С третьей попытки мне удалось-таки подняться на ноги. Я еще чувствовал неуверенность, но в общем мне стало как будто лучше. Я медленно направился к бараку. Все еще спали, лишь немец Хауфман, живописец, стоял возле створки распахнутого окна и, глядя в стекло, как в зеркало, писал автопортрет. Он был в нашем бараке единственный немец: лет сорока, костлявый, сухой, угрюмый. Рисунки его представляли собой причудливые фантасмагории. Он тоже оформлял наш спектакль, но мы поручали ему рисовать только заросли джунглей.
Наши взгляды встретились, мы молча кивнули друг другу. Двигаясь вдоль стены, я увидел его рисунок, прислоненный к краю нар. Хауфман с автопортрета смотрел на меня пустыми глазницами черепа среди хаоса черных и белых пятен.

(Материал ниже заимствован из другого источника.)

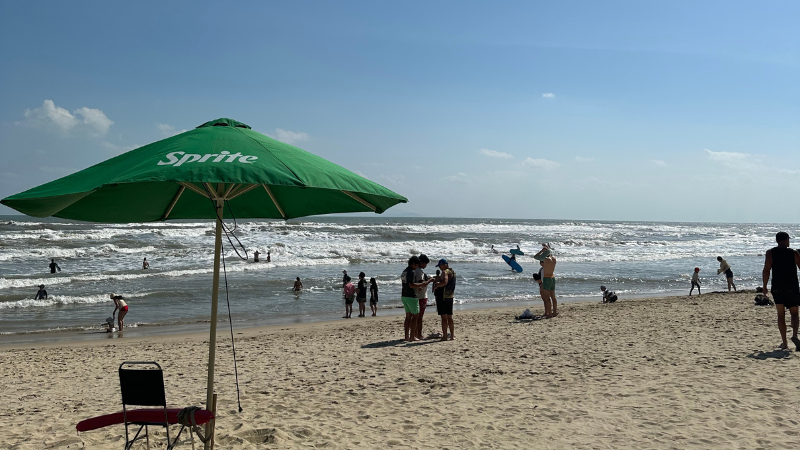 ダナンのミーケビーチ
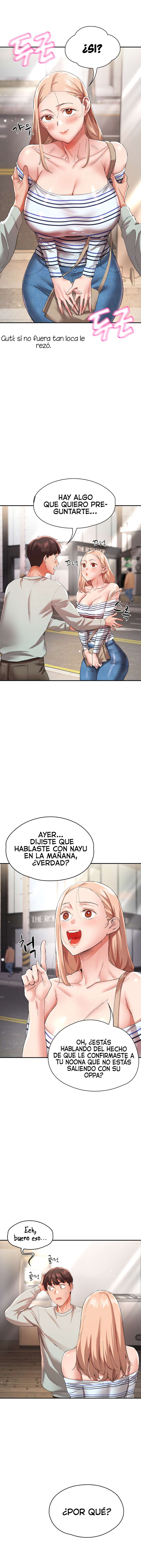 Viviendo con dos Chicas de Grandes Personalidades Capitulo 30 página 3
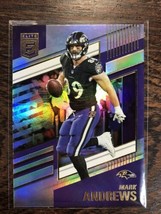 2022 Donruss Elite #14 Mark Andrews Baltimore Ravens Football Base - £1.48 GBP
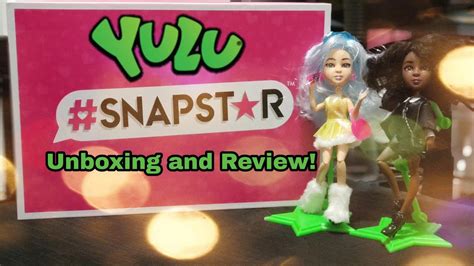 Snap Star Doll Unboxing And Review From Yulu Toys Youtube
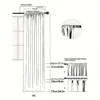 1pc Princess Style Exquisite Plush Gauze Balcony Bedroom Bay Window Living Room White Tulle 3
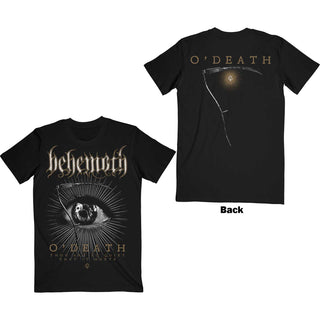 Behemoth Unisex T-Shirt: O'Death (Back Print)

Я прислонился к стене и бессильно сполз по ней на пол. Это была уже не игра.
Здесь меня и нашел по пути в лазарет лейтенант Степан Исаев. Присев рядом, он стал задавать мне вопросы. Я в испуге затряс головой: дескать, нет, ничего не понимаю.
— Мадьяр?
— Да! Да! Мадярски актор, — ухватился я за свой общественный ранг.
— О, доктор?
— Нет! Нет доктор. Актор.
— Хорошо. Parlez-vous francais?
— Oui, Monsieur, — благодарно простонал я. — Je, parle un peu…[10]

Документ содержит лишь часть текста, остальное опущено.